FORMER GOV. Ed Rendell, a longtime booster of Hillary Clinton’s presidential ambitions, tells Clout that her campaign has built a “tremendous field operation” to turn out votes Tuesday in Pennsylvania. But Clinton’s campaign apparently isn’t budging on its refusal to put up so-called “street money” for the Democratic City Committee, cash that filters down to the division level to help fund the push for voter turnout…

Rendell said the asking price for street money is $200 per division. With 1,686 divisions in the city, that’s $337,200 in street money. But we heard from another Democratic source that the payout could be as low as a measly $150 per division.

A Democratic operative who heard about the $150 figure chimed in, telling Clout: “They have to get to $200 per division. They’re asking people to work a 10- or 12-hour day. You can’t pay them less than minimum wage.”
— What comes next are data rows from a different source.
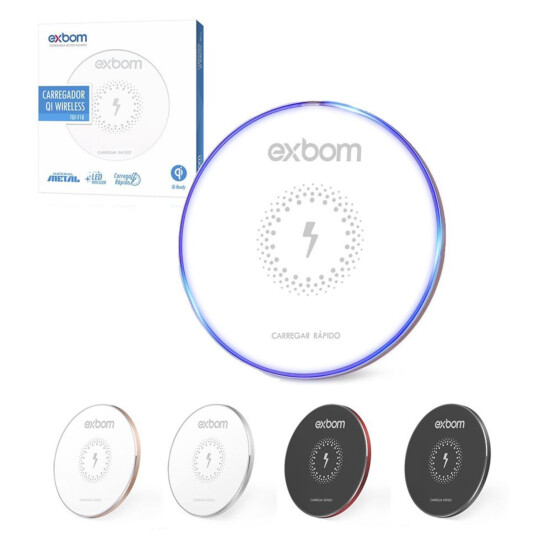 Carregador Rápido QI sem Fio por Indução Magnética com borda de LED Branco Exbom - TQI-F18A BRANCO
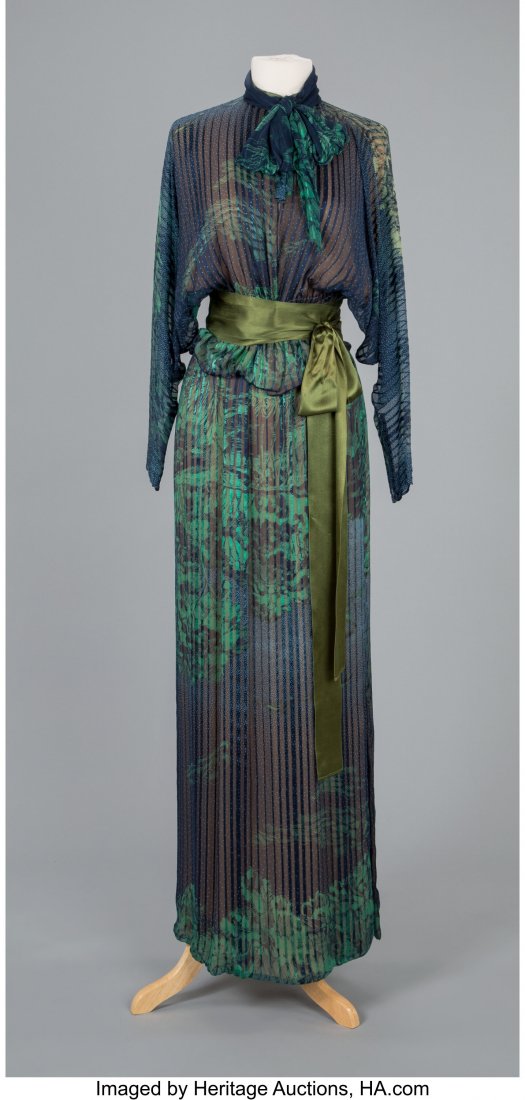 A Pauline Trigere Green and Blue Chiffon Gown La (1 of 2)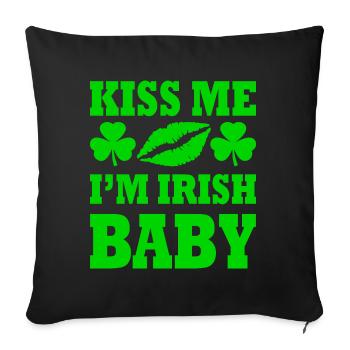 kiss me im irish baby - Housse de coussin décorative 45 x 45 cm - noir - Devant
Isn’t that odd? When it was Clinton putting up the money, working people 12 hours a day for less than minimum wage was unacceptable. But when the shoe was on the other foot he had given fair warning of “substandard wages.” You need to practice what you preach, guys. Pleading poverty because of limited campaign funds is no excuse. Either your workers deserve the benefits of the Fight for 15 or nobody does. Just imagine the complaints if you’d won and had to deliver on that promise now.